本日は、川崎大師教学研究所の講座「五大願について」を受講した。
講師は、佐藤隆一先生。
佐藤先生の講義をお聴きするのは昨年に続き2度目である。
臨床心理士として長くカウンセリングのお仕事をされていた佐藤先生。
今回は前回にも増して心理学の観点から釈尊の教えや空海の思想についてお話しくださった。
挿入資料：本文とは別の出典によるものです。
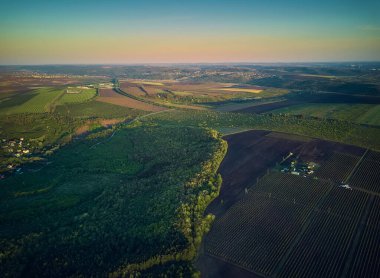 Drone 'dan hava görüntüsü, yeşil bitkilerle dolu bir kuş bakışı.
仏教でいわれる「貪・瞋・痴」のお話のところで、上座部仏教の話をされた。
私も一時期テーラワーダ仏教を学んでいたことがあった。
私の考えでは、テーラワーダ仏教と密教とは同じ仏教でありながら、かなり異なっている。
対局にあるといってもよいくらいだ。
テーラワーダ仏教では、自分の心の浮かんだ雑念や妄想に気づきを入れて消していくという瞑想(ヴィパッサナー瞑想)を行う。
これをやりすぎて自己嫌悪やうつになったりする人もいるが、それでも「心の大掃除」をすることがやめられなくなる。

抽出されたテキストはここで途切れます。